Activity
Among the entries below, copy only the span from the line containing "Poncho De Voyage" through the line containing "Arriba la 39a". Do so exactly, and skip the pictures.

Data for processing
★ ★ ★ ★ ★
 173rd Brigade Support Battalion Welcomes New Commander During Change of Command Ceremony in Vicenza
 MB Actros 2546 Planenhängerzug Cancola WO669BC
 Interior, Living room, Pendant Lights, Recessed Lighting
★ ★ ★ ★ ★
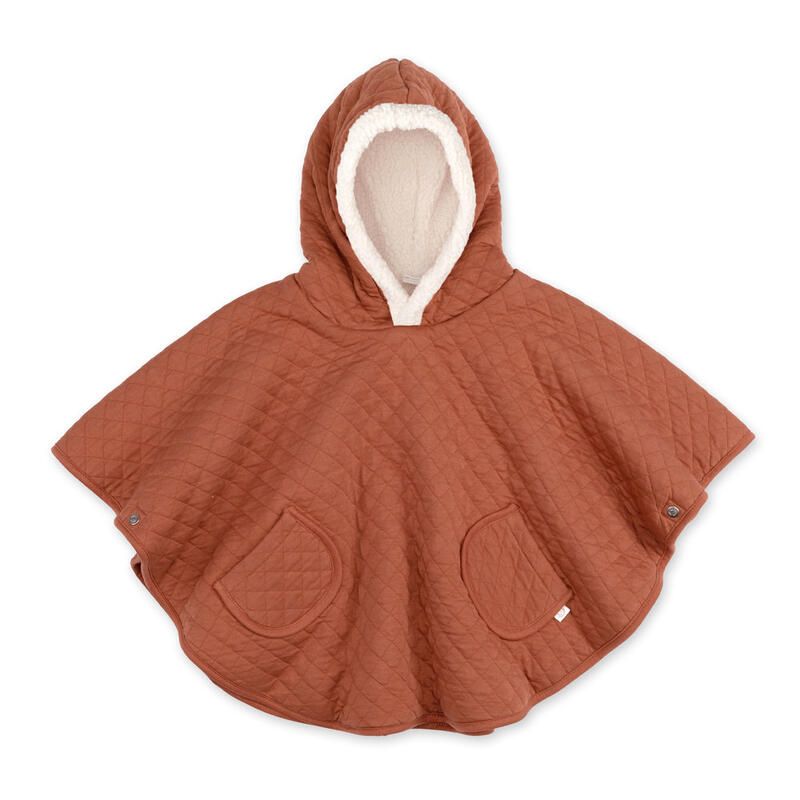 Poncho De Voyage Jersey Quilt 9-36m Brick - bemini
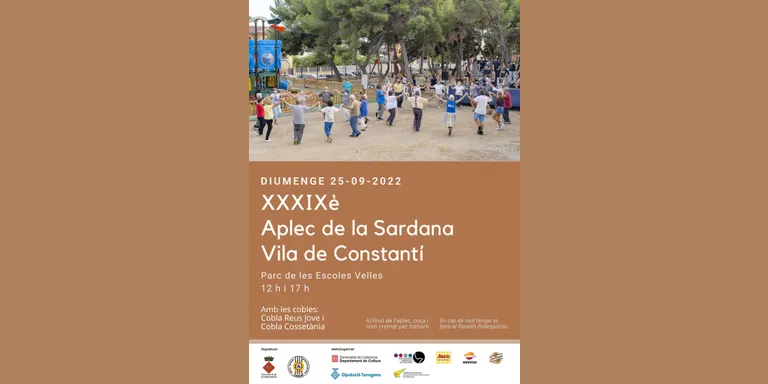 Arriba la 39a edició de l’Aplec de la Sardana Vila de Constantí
★ ★ ★ ★ ★
Answer space
 Poncho De Voyage Jersey Quilt 9-36m Brick - bemini
 Arriba la 39a edició de l’Aplec de la Sardana Vila de Constantí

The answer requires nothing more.